The deliveries alleviated some of Szczesek’s stress. Nothing he could do, of course, could replace the money a storefront brings in daily. But he was inching forward during a scary time. “Every day wasn’t a good day, but every day was a financial gain,” says Szczesek, who closes an hour early a night or two a week to make deliveries. “Something was always happening in the positive direction.”

Szczesek welcomed his first customers back to the store during phase three of the state’s reopening in early June. “It was like the door just kept opening. The first week was insane,” he says. It was like the week before Christmas.”

Szczesek says business has returned to pre-pandemic levels. In fact, the pandemic has rejuvenated interest in card collecting, as being stuck at home prompted some adults to rediscover old passions.

The Buffalo Bills’ early-season success has also boosted sales of football cards by thirty-five to forty percent. Not surprisingly, cards of Bills quarterback Josh Allen are in demand.


Szczesek believes he emerged from an uncertain few months stronger than ever. “I adapted on the fly,” he says. “I mean, obviously, there was stress involved, but, yeah, I knew there were ways to make it happen.

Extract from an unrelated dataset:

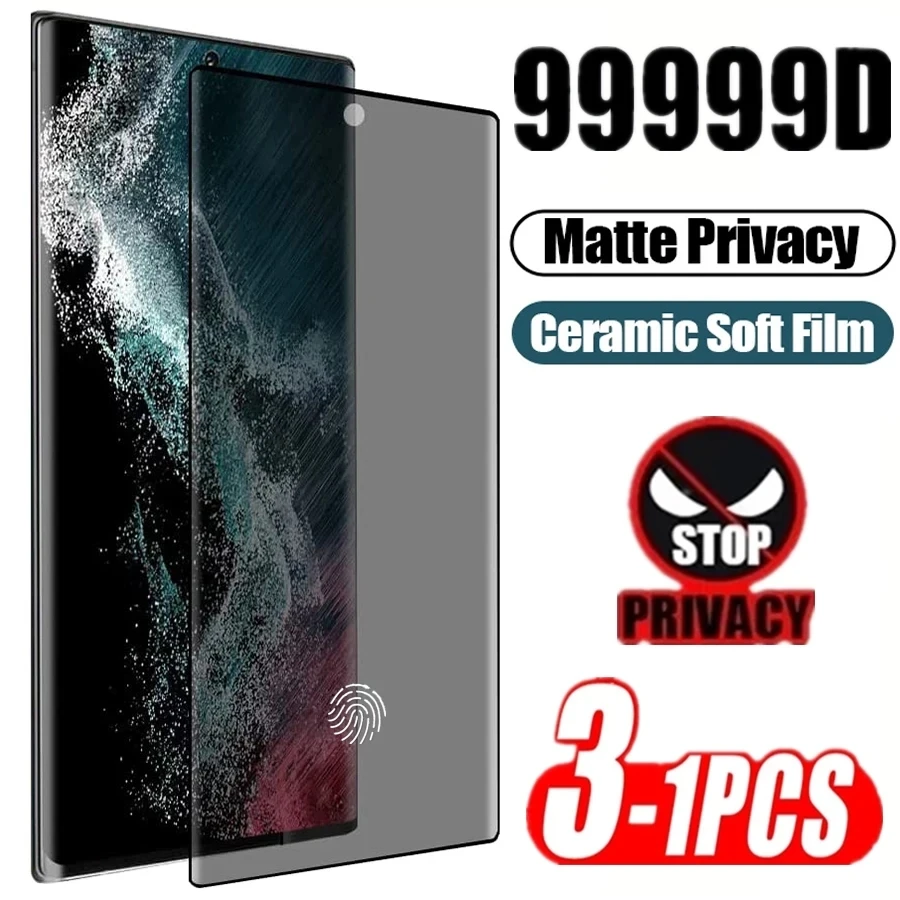 Vetro Temperato Anti-Spia A Copertura Totale Per Samsung Galaxy S23 Ultra 22 21 Plus Note 20 S24 Ultra Privacy Screen Protector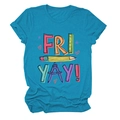 Detail of teal crewneck t-shirt with 'FRI YAY!' school stationery pencil and ruler print - Lake Blue (Black Text)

We had to find the right niche.”

On a weekday afternoon in mid-October, Szczesek bounced all over as a few men looked at some of the store’s thirteen million cards and its array of Bills, Sabres, and other team-related memorabilia. 

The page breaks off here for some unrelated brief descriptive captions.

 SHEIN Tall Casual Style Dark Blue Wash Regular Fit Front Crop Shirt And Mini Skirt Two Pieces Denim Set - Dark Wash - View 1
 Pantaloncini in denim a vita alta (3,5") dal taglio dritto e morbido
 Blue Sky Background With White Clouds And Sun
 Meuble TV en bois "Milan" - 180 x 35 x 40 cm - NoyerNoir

Szczesek knows everyone’s name and hobby interests. Bases Loaded offers collectors an escape from the daily grind and an opportunity to see people who share their hobby. That has always helped the store weather adversity.

“You can come in, you can get some separation from the world, and you’re in your niche talking your sports with knowledgeable people,” Szczesek says.

One regular customer who’s undergoing cancer treatments recently told Szczesek how visiting the store is “the best part of my day.”

“That actually meant a lot to me,” Szczesek says, “because I don’t think I’ve ever had anybody tell me that.”